L'Église ratifie la condamnation d'un ex-diacre lié à des abus en France

L'Église ratifie la condamnation d'un ex-diacre lié à des abus en France

La Signature apostolique, la plus haute cour de l’Église, a rejeté le dernier recours présenté par Philippe Madre, ex-diacre et ancien modérateur général de la communauté des Béatitudes, confirmant ainsi de manière définitive sa condamnation canonique et son expulsion de l’état clérical.

Selon le journal français La Croix, la décision a été adoptée en janvier 2026, quinze ans après que Madre ait été écarté de l’état clérical. La sentence n’a pas été publiée officiellement, mais elle aurait été communiquée par téléphone à plusieurs des présumées victimes qui ont participé à l’enquête menée par Rome.

Un processus canonique prolongé

Philippe Madre, médecin de profession et ancien responsable de la communauté entre 1985 et 1992, avait été accusé en 2003 d’abus sexuels commis dans le cadre d’accompagnements spirituels. Il a toujours nié les faits.

Après deux condamnations par des tribunaux ecclésiastiques en 2010 et 2011, il a présenté un recours devant la Signature apostolique en alléguant des vices de forme. Ce recours n’a pas abouti, consolidant son expulsion de l’état clérical. Parallèlement, il a été exclu de la communauté des Béatitudes en 2010.

La décision récente révèle que l’ex-modérateur, âgé aujourd’hui de 75 ans, a de nouveau recours devant Rome pour défendre son innocence. Le tribunal vatican a définitivement rejeté cet appel, sans possibilité de recours ultérieur.

Le parcours dans la justice civile

L’affaire a également connu un parcours dans la juridiction civile française. En 2010, une enquête judiciaire a été ouverte pour présumée violation commise par une personne abusant de l’autorité découlant de sa fonction. Plusieurs femmes ayant appartenu à la communauté l’ont accusé d’abus commis pendant des années dans la maison communautaire de Cordes-sur-Ciel, où il exerçait simultanément comme responsable spirituel et médecin.
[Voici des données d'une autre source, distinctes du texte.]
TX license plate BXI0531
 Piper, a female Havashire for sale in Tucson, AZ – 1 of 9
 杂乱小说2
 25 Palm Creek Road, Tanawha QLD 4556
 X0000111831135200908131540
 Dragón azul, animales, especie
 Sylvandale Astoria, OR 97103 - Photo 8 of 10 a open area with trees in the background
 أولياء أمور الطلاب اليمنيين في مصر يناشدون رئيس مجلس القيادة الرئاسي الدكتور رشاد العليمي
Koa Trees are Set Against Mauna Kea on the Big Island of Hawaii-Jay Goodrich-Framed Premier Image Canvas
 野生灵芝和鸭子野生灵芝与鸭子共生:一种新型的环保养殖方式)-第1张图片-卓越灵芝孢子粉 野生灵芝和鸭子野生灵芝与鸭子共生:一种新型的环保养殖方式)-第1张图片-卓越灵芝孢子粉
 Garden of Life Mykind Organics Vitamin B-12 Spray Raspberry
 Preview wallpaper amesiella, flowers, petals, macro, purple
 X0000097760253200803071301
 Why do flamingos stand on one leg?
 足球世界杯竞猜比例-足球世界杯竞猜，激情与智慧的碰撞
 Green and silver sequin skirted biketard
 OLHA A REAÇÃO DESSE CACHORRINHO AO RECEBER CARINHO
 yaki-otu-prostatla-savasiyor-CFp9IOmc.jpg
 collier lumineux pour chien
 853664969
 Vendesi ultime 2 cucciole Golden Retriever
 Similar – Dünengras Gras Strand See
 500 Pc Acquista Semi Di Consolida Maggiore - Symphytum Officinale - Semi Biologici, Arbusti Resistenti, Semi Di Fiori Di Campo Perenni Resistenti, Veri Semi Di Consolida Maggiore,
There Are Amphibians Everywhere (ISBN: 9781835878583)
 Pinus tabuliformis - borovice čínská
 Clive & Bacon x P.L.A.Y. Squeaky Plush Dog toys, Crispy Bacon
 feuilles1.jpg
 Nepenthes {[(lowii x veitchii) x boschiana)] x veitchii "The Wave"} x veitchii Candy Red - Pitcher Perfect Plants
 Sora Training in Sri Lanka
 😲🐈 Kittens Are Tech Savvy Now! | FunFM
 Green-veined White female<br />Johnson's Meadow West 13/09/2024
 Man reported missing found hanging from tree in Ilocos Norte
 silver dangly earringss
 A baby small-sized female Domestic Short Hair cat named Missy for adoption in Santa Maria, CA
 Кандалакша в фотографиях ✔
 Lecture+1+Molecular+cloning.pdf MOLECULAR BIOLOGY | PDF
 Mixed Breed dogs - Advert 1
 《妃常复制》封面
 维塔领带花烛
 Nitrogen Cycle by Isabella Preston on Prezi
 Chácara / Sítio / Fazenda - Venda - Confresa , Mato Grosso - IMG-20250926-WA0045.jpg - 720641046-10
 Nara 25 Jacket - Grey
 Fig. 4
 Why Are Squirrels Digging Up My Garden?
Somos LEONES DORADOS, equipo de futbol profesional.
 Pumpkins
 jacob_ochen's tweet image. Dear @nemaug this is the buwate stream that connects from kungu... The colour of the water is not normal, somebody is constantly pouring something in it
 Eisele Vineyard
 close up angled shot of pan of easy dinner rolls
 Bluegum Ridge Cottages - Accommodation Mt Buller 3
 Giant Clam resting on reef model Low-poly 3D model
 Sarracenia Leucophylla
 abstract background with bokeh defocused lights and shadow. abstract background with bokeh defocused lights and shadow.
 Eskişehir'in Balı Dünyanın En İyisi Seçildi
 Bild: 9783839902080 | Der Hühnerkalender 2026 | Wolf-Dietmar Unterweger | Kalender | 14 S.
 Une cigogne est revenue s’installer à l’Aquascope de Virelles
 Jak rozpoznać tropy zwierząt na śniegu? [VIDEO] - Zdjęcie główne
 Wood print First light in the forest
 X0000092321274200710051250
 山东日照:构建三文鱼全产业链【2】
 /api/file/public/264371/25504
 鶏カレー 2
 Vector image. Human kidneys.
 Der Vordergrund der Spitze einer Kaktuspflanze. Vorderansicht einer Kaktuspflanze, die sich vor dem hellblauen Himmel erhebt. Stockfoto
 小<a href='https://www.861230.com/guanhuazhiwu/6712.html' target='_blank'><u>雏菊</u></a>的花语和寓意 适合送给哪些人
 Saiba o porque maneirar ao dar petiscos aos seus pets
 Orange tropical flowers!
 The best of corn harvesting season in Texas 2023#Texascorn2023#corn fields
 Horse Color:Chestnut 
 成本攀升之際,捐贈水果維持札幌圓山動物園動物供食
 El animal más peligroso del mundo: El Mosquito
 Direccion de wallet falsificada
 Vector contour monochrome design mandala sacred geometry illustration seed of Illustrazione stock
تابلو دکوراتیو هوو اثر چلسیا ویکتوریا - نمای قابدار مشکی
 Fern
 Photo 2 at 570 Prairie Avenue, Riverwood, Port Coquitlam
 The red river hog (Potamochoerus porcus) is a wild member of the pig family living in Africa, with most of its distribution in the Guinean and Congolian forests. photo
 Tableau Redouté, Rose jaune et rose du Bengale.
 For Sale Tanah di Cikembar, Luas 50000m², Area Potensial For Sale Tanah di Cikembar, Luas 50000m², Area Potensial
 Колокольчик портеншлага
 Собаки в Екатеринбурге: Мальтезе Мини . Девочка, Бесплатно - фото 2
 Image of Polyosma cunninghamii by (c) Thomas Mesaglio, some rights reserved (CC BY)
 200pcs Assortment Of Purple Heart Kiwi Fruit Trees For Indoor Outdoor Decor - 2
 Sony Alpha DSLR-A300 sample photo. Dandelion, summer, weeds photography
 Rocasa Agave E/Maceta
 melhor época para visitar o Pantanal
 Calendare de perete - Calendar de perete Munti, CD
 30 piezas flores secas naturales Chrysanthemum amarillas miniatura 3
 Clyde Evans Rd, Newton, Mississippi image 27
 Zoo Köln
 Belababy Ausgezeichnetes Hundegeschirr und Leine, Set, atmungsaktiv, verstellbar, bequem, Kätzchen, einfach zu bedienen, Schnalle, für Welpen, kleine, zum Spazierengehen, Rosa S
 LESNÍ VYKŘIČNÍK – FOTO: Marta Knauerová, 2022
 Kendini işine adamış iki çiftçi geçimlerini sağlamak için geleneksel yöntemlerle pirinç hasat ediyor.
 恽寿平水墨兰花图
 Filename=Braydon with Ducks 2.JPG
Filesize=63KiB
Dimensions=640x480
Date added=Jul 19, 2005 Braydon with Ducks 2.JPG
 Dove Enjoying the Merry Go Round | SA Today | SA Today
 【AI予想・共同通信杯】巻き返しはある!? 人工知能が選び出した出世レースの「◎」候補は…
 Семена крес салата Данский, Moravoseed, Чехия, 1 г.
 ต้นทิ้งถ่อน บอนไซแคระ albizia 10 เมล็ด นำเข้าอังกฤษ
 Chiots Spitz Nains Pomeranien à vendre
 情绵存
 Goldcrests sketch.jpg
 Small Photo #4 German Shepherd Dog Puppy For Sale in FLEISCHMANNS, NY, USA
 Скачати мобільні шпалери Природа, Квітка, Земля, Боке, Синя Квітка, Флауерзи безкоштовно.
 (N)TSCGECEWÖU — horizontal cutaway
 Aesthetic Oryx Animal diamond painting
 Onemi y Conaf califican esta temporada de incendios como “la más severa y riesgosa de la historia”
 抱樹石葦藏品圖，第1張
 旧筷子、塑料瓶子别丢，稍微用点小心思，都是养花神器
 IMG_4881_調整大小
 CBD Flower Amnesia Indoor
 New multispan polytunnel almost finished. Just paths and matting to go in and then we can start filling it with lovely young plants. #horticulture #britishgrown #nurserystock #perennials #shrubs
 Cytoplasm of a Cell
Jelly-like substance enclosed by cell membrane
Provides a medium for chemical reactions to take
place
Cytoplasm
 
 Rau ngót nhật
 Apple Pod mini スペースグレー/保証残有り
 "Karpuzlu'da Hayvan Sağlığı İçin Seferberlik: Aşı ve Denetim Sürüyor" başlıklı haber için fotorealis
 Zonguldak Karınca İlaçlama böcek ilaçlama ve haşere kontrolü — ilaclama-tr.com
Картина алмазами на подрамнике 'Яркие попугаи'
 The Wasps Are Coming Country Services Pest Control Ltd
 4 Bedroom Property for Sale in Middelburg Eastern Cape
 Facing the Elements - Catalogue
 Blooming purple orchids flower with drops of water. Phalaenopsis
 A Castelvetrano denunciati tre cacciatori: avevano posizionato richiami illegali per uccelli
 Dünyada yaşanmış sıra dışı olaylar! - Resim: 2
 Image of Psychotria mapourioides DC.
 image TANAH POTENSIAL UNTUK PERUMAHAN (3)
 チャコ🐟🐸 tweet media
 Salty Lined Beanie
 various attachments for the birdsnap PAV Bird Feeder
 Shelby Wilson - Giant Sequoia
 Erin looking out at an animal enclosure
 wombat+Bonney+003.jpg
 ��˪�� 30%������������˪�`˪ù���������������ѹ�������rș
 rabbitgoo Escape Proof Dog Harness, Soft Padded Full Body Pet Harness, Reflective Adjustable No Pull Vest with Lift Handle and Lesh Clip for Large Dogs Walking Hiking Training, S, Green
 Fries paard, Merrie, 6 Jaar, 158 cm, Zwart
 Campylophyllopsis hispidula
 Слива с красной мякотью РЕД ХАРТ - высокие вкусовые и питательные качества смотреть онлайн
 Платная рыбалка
Selon les témoignages recueillis dans la procédure judiciaire, les plaignantes affirmaient que les faits s’étaient produits dans un contexte de forte dépendance spirituelle et psychologique.

Cependant, après divers recours, la justice civile a prononcé en 2018 un non-lieu en considérant certains éléments juridiques insuffisamment caractérisés, décision confirmée ultérieurement par la Cour de cassation, ce qui a mis fin à la voie pénale.

La communauté des Béatitudes

La communauté des Béatitudes a été fondée en France en 1973 par Gérard Croissant, connu sous le nom d’Ephraïm. De spiritualité charismatique et dotée d’une présence internationale, elle s’est étendue dans plusieurs pays et a réuni des membres consacrés et laïcs en vie communautaire.

Au cours des dernières décennies, la communauté a traversé diverses crises internes et des processus de réforme impulsés par le Saint-Siège. En 2008, son fondateur a été écarté et ensuite exclu de la communauté. À partir de ce moment, une réorganisation structurelle et statutaire a été initiée sous supervision ecclésiale, dans le but de clarifier son gouvernement et de prévenir les abus d’autorité.

Le cas de Philippe Madre s’inscrit dans cette période de révision et de purification interne qui a affecté l’institution dans les années suivantes.

D’autres condamnations postérieures

En dehors des faits liés à la communauté, Philippe Madre a été condamné en 2014 à un an de prison avec sursis pour falsification et escroquerie liées à son activité médicale. La même année, il a été sanctionné disciplinairement par le conseil régional de l’Ordre des médecins.

La décision définitive de la Signature apostolique clôt ainsi le parcours canonique d’un cas qui a marqué l’histoire récente de la communauté des Béatitudes et qui remonte à plus de deux décennies.